We split this big modes.asc file into sub text files using bash. The obtained files are described one table 1.

sed '/^\s*[0-9]*[XYZ][+-]:/!d' mat/modes.asc > mat/mode_shapes.txt
sed '/freq/!d'                 mat/modes.asc | sed 's/.* = \(.*\)Hz/\1/' > mat/mode_freqs.txt
sed '/damp/!d'                 mat/modes.asc | sed 's/.* = \(.*\)\%/\1/' > mat/mode_damps.txt
sed '/modal A/!d'              mat/modes.asc | sed 's/.* =\s\+\([-0-9.e]\++[0-9]\+\)\([-+0-9.e]\+\)i/\1 \2/' > mat/mode_modal_a.txt
sed '/modal B/!d'              mat/modes.asc | sed 's/.* =\s\+\([-0-9.e]\++[0-9]\+\)\([-+0-9.e]\+\)i/\1 \2/' > mat/mode_modal_b.txt

Table 1: Split `modes.asc` file
Filename	Content
`mat/mode_shapes.txt`	mode shapes
`mat/mode_freqs.txt`	resonance frequencies
`mat/mode_damps.txt`	modal damping
`mat/mode_modal_a.txt`	modal residues at low frequency (to be checked)
`mat/mode_modal_b.txt`	modal residues at high frequency (to be checked)

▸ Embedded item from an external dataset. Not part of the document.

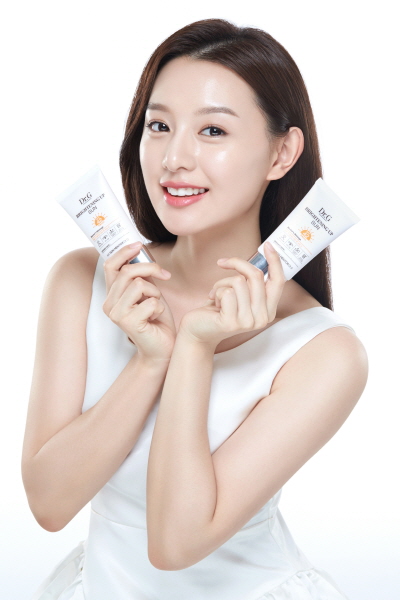 2016040109351432289_1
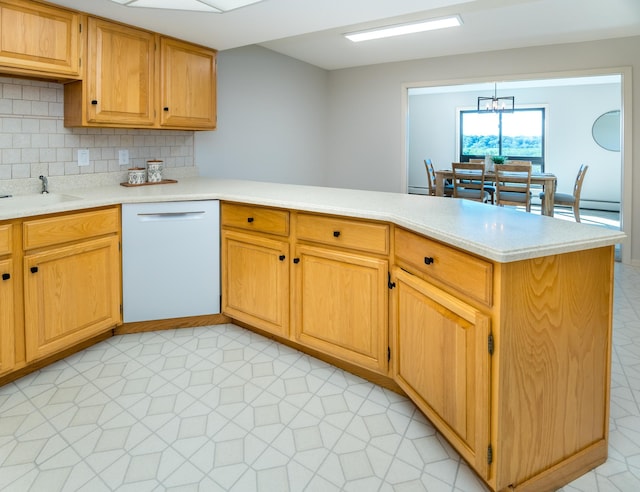 2221 Youngman Ave Unit 503, Saint Paul, MN 55116 - photo 14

3.3 Importation of the modal parameters on Matlab

Then we import the obtained .txt files on Matlab using readtable function.

shapes  = readtable('mat/mode_shapes.txt',              'ReadVariableNames', false);  % [Sign / Real / Imag]
freqs   = table2array(readtable('mat/mode_freqs.txt',   'ReadVariableNames', false)); % in [Hz]
damps   = table2array(readtable('mat/mode_damps.txt',   'ReadVariableNames', false)); % in [%]
modal_a = table2array(readtable('mat/mode_modal_a.txt', 'ReadVariableNames', false)); % [Real / Imag]
modal_b = table2array(readtable('mat/mode_modal_b.txt', 'ReadVariableNames', false)); % [Real / Imag]

modal_a = complex(modal_a(:, 1), modal_a(:, 2));
modal_b = complex(modal_b(:, 1), modal_b(:, 2));

We guess the number of modes identified from the length of the imported data.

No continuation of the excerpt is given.